Most high schools and high school teachers don’t teach in a way that particularly enables students to take this advice. “These are the rules. This is how the math works. Do the math. Also these are the classes you have to take to be an $X.” A relatively good teacher will engage with a student who is enthusiastic about the material in this way but many won’t: “You’ll learn about that in $future_course” without even an attempt to talk about it in the abstract.

Without some guidance on which book to choose, (1) could condemn a reader to mathematical purgatory. In any case, I’d also say that taking multiple math courses in high school helped me to understand that math is most often about relationships and that there were multiple ways to describe the same relationships. This was in spite of no one bothering to really teach that idea. Previously I was mostly focused on axioms and rules (probably because of how I was taught), which, while useful, missed some important stuff. I also prefer to read through multiple texts because it gives me a break, let’s me see new connections, and if I come back to the text after working on something else and still know what’s up I know I really grok the material. (It’s insanely easy for me to memorize and apply rules; that’s not indicative of understanding.)

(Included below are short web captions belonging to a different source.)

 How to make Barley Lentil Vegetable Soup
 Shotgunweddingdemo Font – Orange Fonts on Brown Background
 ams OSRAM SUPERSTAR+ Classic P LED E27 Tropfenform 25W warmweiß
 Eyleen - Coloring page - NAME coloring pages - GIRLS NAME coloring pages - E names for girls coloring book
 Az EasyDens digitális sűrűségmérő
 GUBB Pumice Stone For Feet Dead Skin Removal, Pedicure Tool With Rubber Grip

(3) is good reading practice in general, but also, it’s a skill most people haven’t developed. It’s very easy to say, “Pfft, I know all this,” and just skip something without actually really grokking the information; it’s too easy to over-estimate understanding. For most people I’d say at least work through any proofs and the most difficult questions in each section. This is actually something I think we should be learning in middle school at the latest.

The advice of one teacher of one moderately known mathematician hardly seems definitive.

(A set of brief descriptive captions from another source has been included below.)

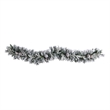 Pemberly Row 6ft Flocked Christmas Garland with Pine Cones & 35 Warm White LED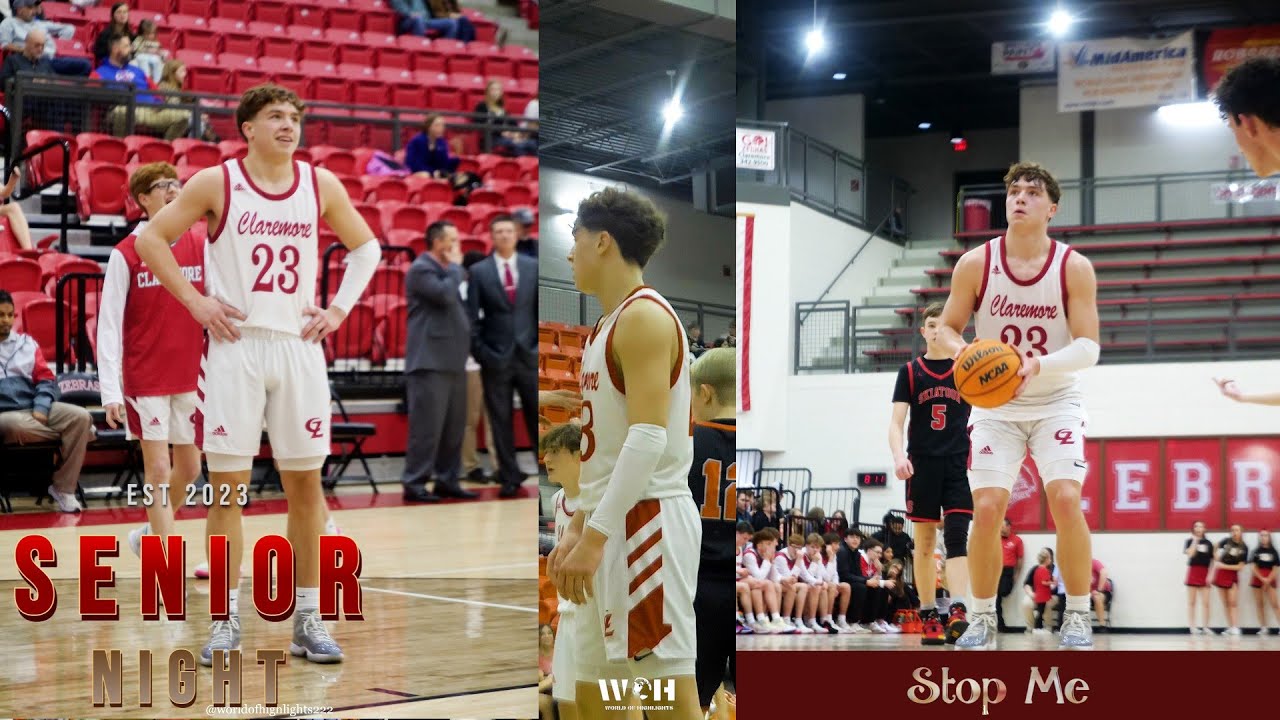 Claremore High School Vs Skiatook High School Senior Night Was crazy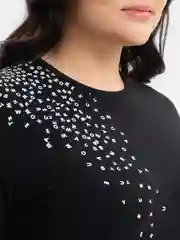 Угольный платье-футболка Oversize с принтом, длинное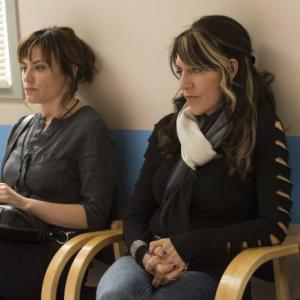 Still of Katey Sagal and Maggie Siff in Sons of Anarchy 2008
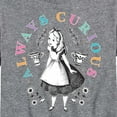 thumbnail image 3 of Alice In Wonderland - Always Curious - Toddler And Youth Long Sleeve Graphic T-Shirt, 3 of 5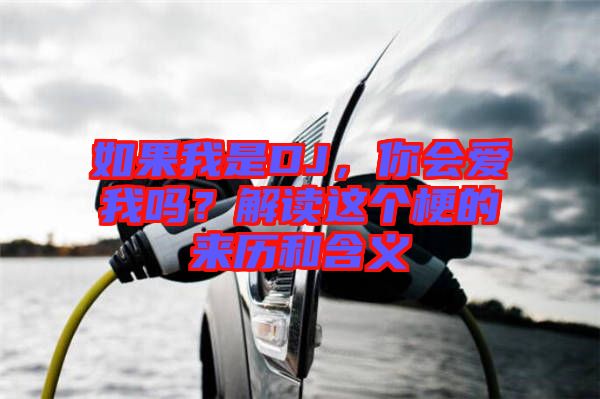 如果我是DJ，你會(huì)愛(ài)我嗎？解讀這個(gè)梗的來(lái)歷和含義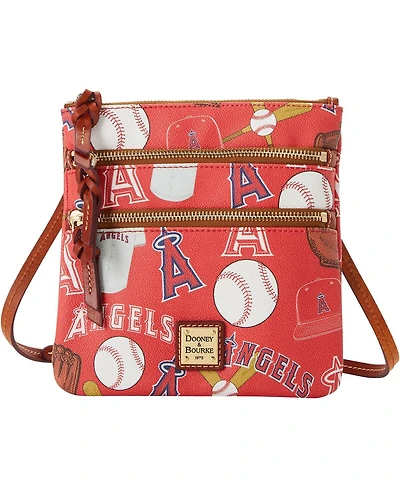 Women's Dooney & Bourke Los Angeles Angels Game Day Triple Zip Crossbody Purse
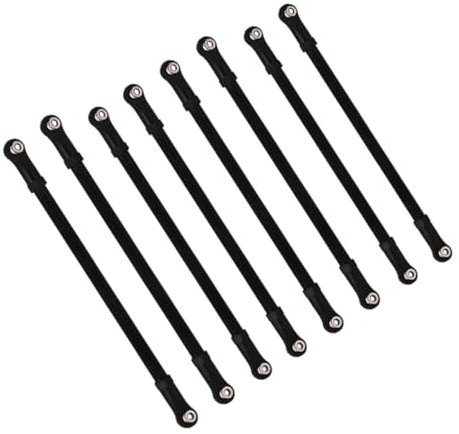 BELLIFFY Zugstange hochstihl ösch Noir swor Metall Ersatzteil Modellauto Stange Verbindungsstangenarm Lenkstangen vorne und hinten Lenkgestänge Verbindungsstangen vorne und hinten Black
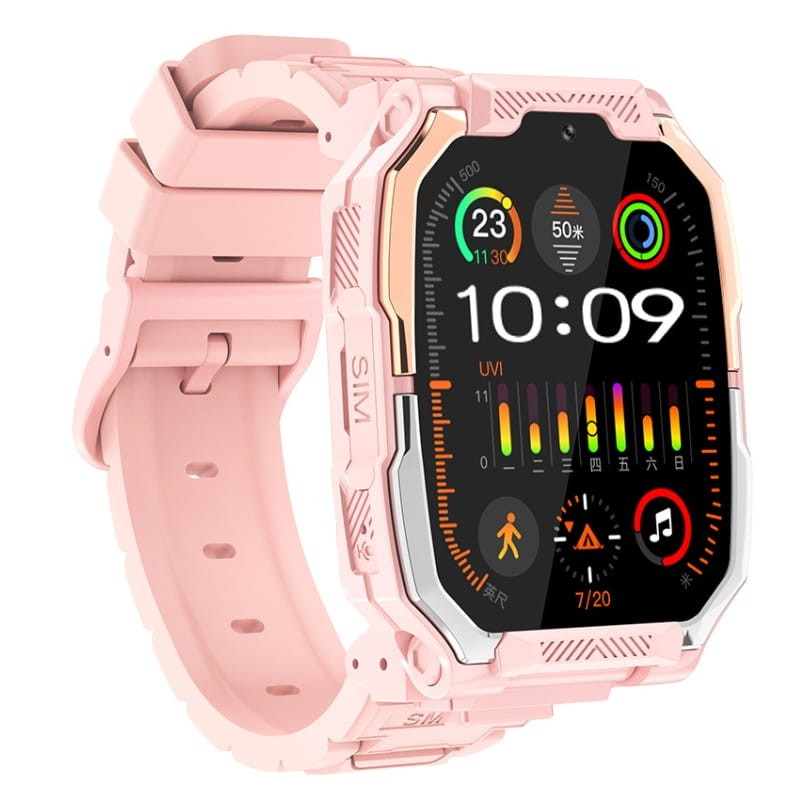 Smartwatch para crianças T66 Rosa - Item3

The advice implies a completely linear process of learning. I think that works for some portion of learners and isn't useful at all for another portion.

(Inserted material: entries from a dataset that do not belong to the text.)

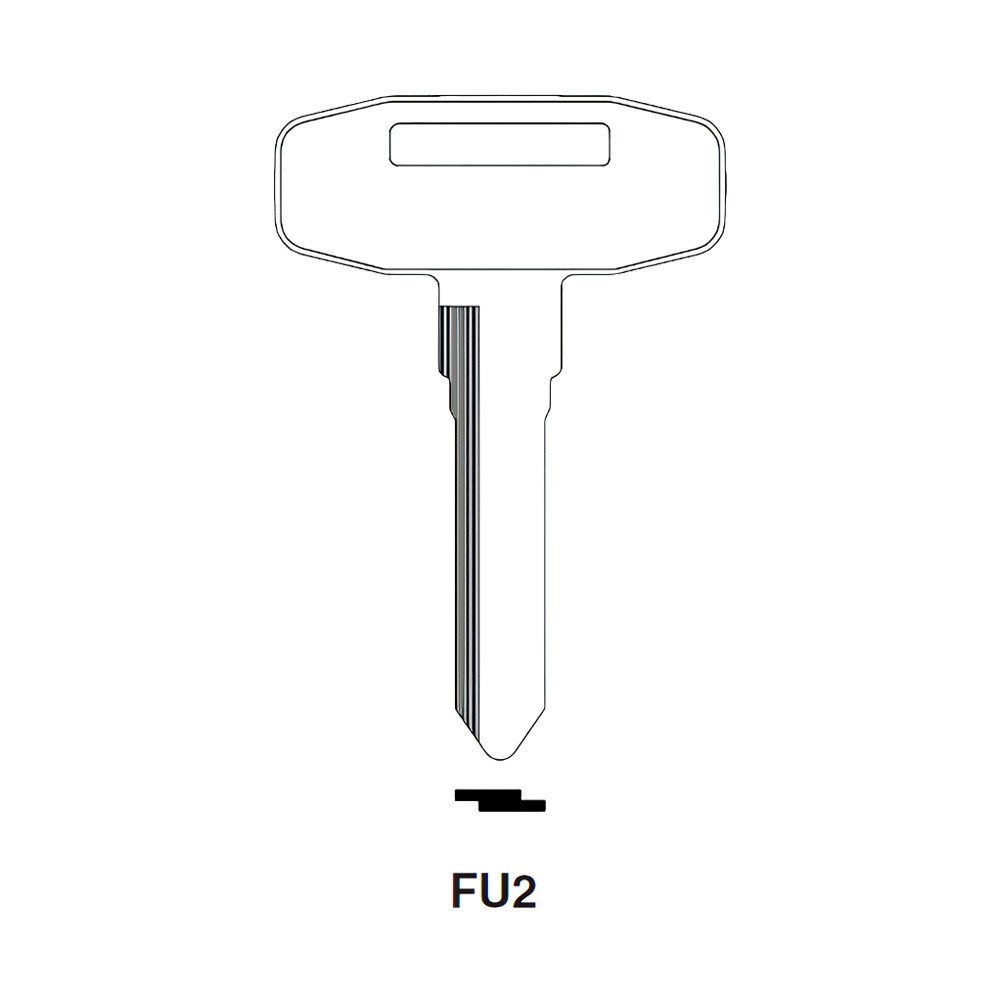 FU2 Key Blank Nickel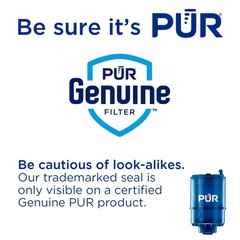 PUR Plus Horizontal Faucet Mount Filtration System One Size, Metallic Grey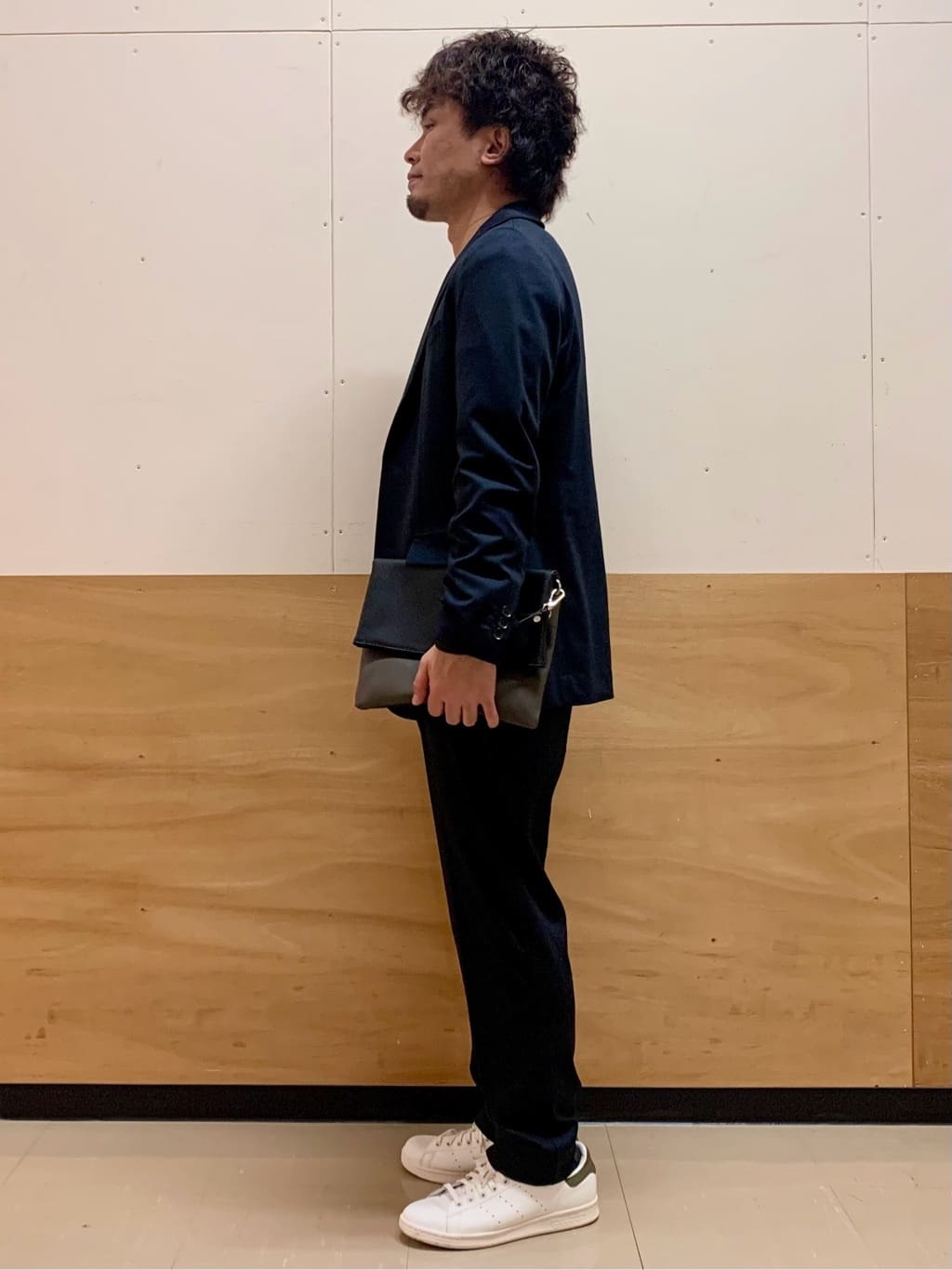 MATUさんの「THE SHOP TK｜【動きやすい、快適ビジネスジャケット】TRジャージ ジャケット　セットアップ可/洗濯機OK/ストレッ」を使ったコーディネート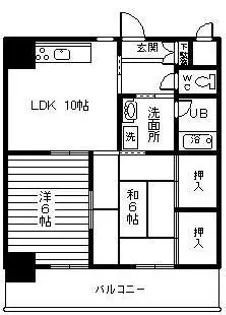 アペックス古淵【3階】の間取り
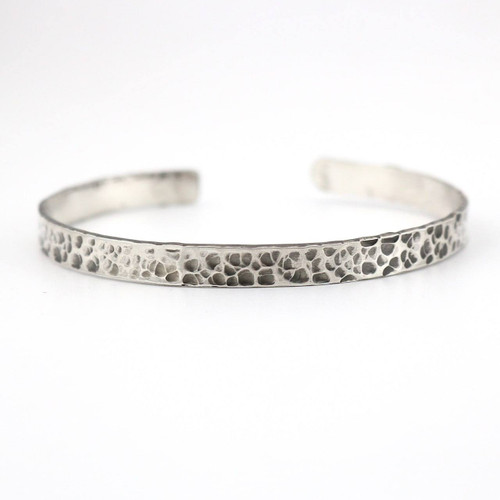 بنگل نقره اسپرت (فری سایز و قابل حکاکی)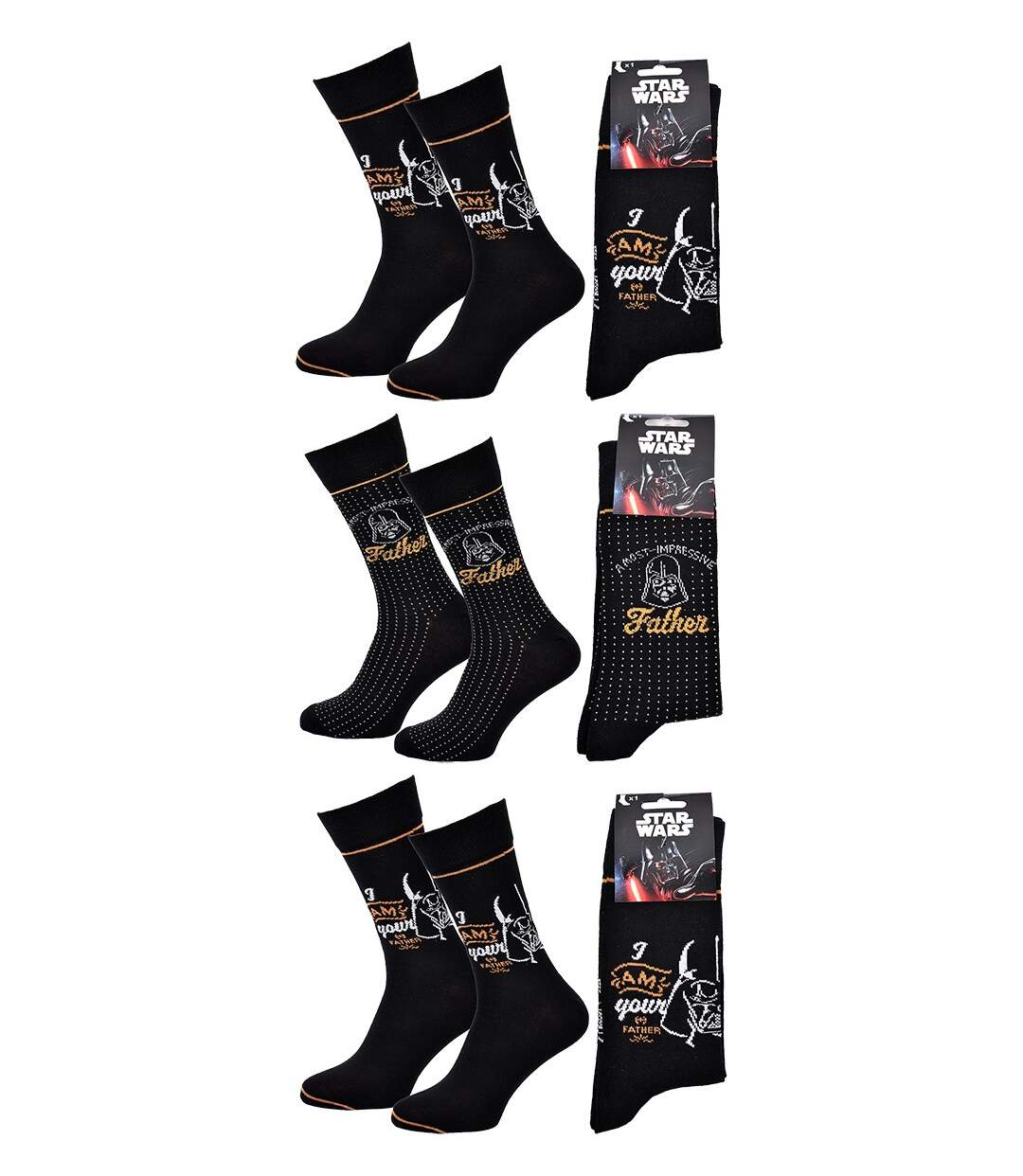 Chaussettes Pack Cadeaux Homme STW Pack 3 Paires VADER23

Edit: never abandon a book you have chosen without working all the way through it

I've read a number of math books on my own. There are plenty of bad books out there. Some will have you wasting an awful long time if you never abandon them (since they are filled with extremely difficult problems or simply don't explain themselves well). This is advice for someone who, at minimum, has a teacher feeding them good books.

How does Abel’s level of fame 200 years later matter?
The post I responded to above cited the high school math teacher of Abel. As far as I can tell, the authority of the claim rested on Abel indeed having significant mathematical achievements ("A Norwegian high school teacher from from 200 years once said" doesn't sound convincing as claim by itself to me). My response was just pacing the situation - Niels Abel is just one example of someone achieving a lot, not insignificant but not the last word.
Not at all. There is reason no contemporary teachers give this particular advice.

Abel is famous because of his algebra results. He had awful good abstract thinking and was indeed very good at math. That does not only everything he ever said is correct. In particular, it does not imply general teaching skills.

Being good at proving theorems does not imply being good at teaching students.

I think that 1. is very bad idea and so is 2.

Both means that if the book you picked assumes you already knew something you don't really, you are stucked. If your book happen too explain something later or is not perfectly written, you are set up to fail.

Very often, later concept let's you figure out the first one. Very often, another book or source adds details to have been missing. Very often, you need to do something else for a while and when you come back to chapter, it suddenly clicks.